The use of quantitative measures in the analysis of collaborative concept maps in educational settings can be applied for several purposes. Among these are following the progress of an ongoing collaborative concept-mapping discussion and identifying emergent themes and focal points, comparing the work of different groups with a focus on the collective product rather than on the sum of individual works, and assessing the quality of the group-work process over time in large, multi-located groups. Hopefully, this kind of insight could help educators who incorporate large scale discussions in their courses to form an idea of how well a class is doing on a collaborative task in terms of creating coherent, connected and organized knowledge.

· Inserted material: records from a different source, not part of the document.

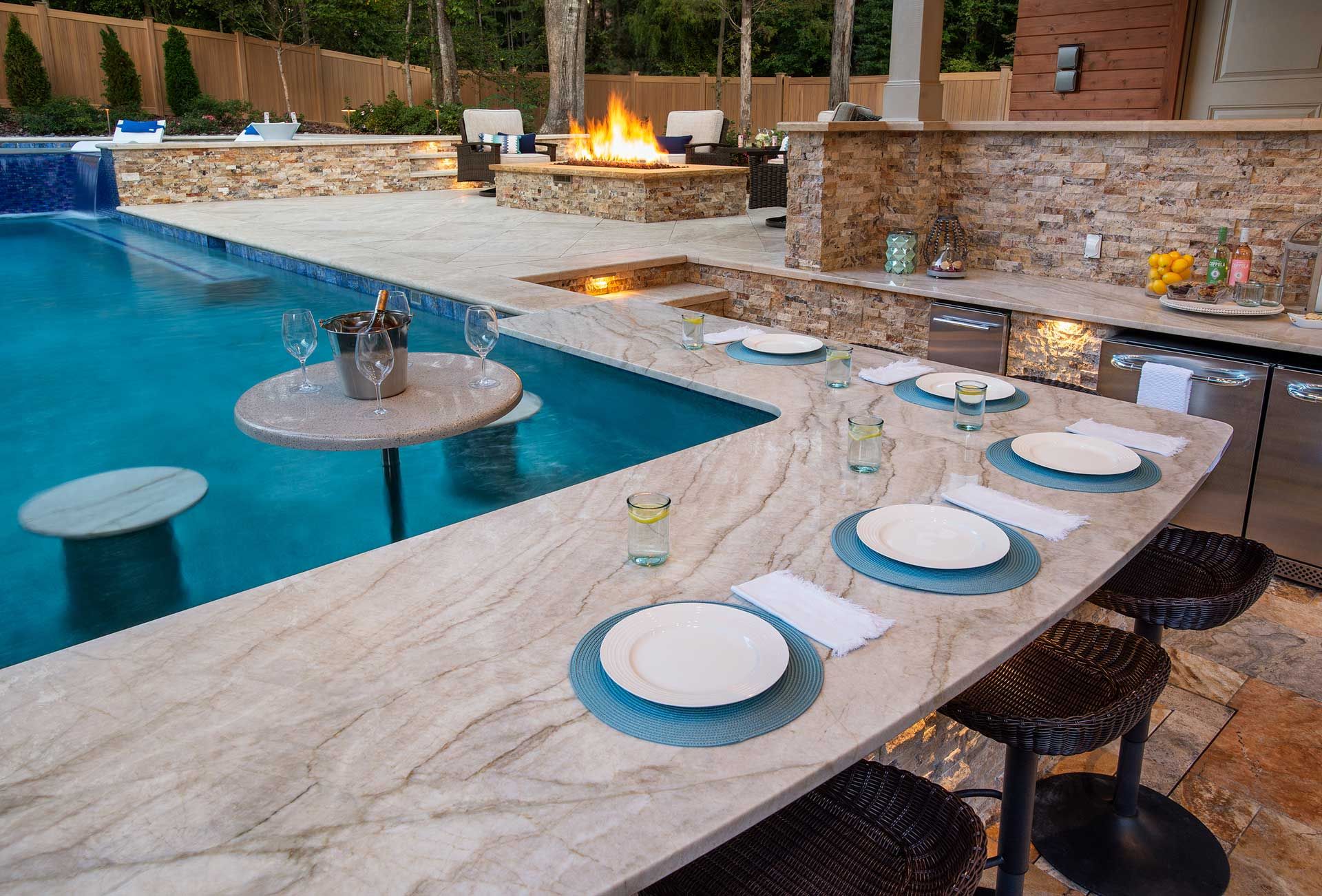 swimming pool 4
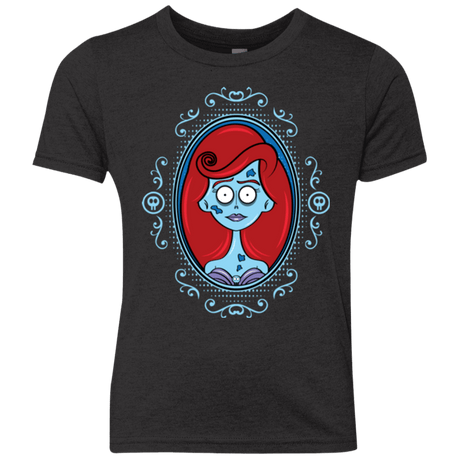 T-Shirts Vintage Black / YXS The Corpse Dreamer Youth Triblend T-Shirt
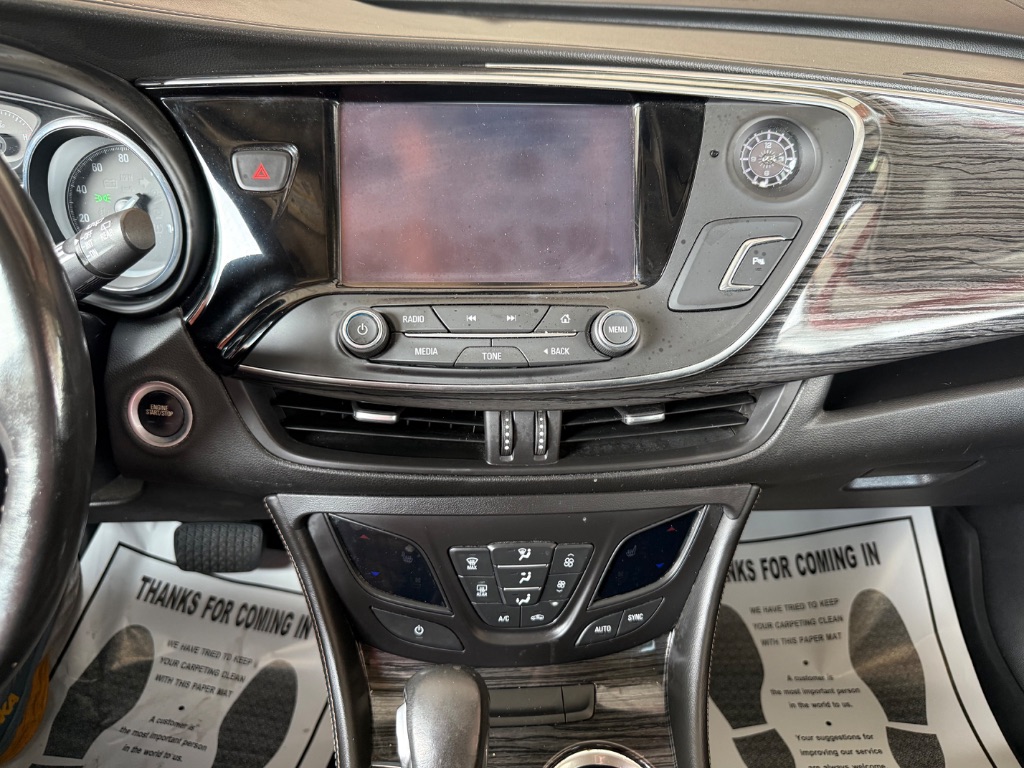 2017 Buick Envision - $13,335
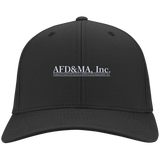 AFD&MA CP80 Port & Co. Twill Cap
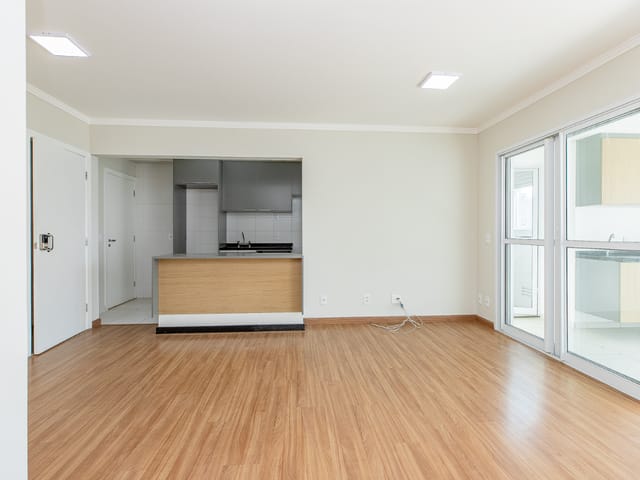 Foto do Apartamento - Apartamento para venda em Vila Santa Catarina com 2 quartos, sendo 2 suítes , 92m² | Lares e Andares Imóveis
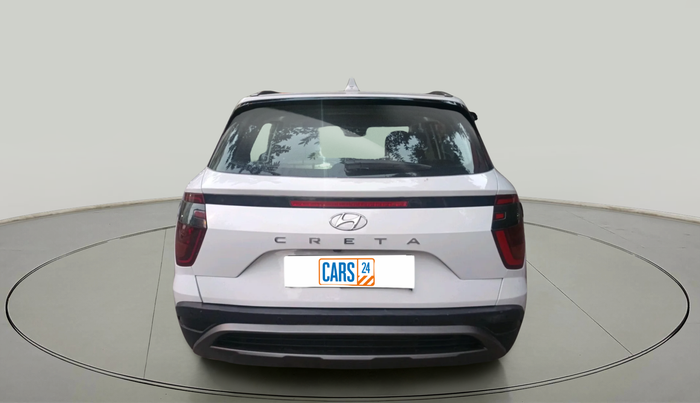 2022 Hyundai Creta SX 1.5 PETROL, Petrol, Manual, 64,274 km, exterior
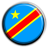 DRCongo flag button.ico Preview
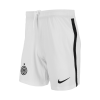 Kids Inter Milan Away Soccer Jersey Kit (Jersey+Shorts) 2021/22 Nike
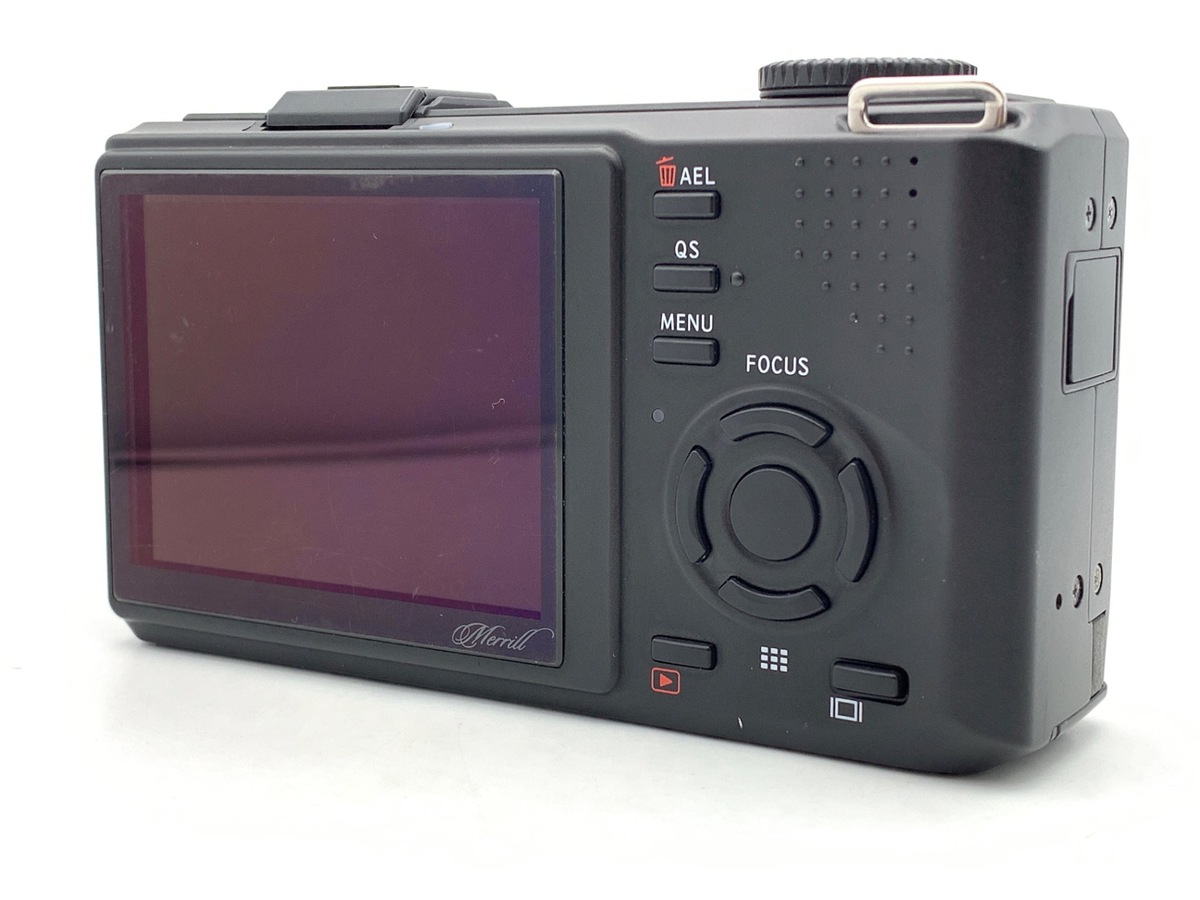 中古】シグマ DP3 Merrill｜｜カメラのキタムラネットショップ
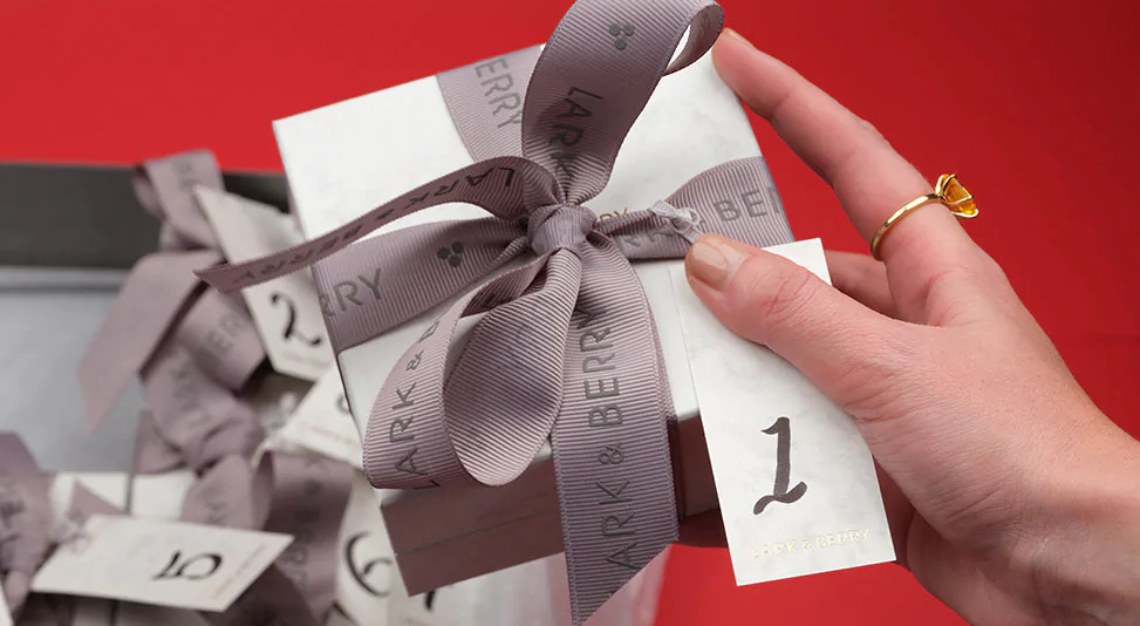 Lark & Berry Luxury Advent Calendar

From a theoretical viewpoint, this work has turned the spotlight to the key role of cross-links in the collaborative production of networked concept maps. Cross-links are fundamental to the idea of concept-mapping as originally proposed by Novak because they represent the forming of connections that reflect the learning taking place within the individual through the combination and the structuring of ideas. In a group, these connections are shared among members and are a central part of the collaborative learning process. In the transition from small, co-located groups to large, disperse, and asynchronous online collaborative discussions, our work demonstrates how the ability to share these connections as a part of the discussion, which creates the potential for a substantial impact on the produced map in terms of the complexity of its structure.
From a broader perspective, the approach presented here is inspired by work on individual cognitive systems and applied to the equivalent of a collective cognitive system [
13]. This direction can be further developed for the study of other processes at the collective content level.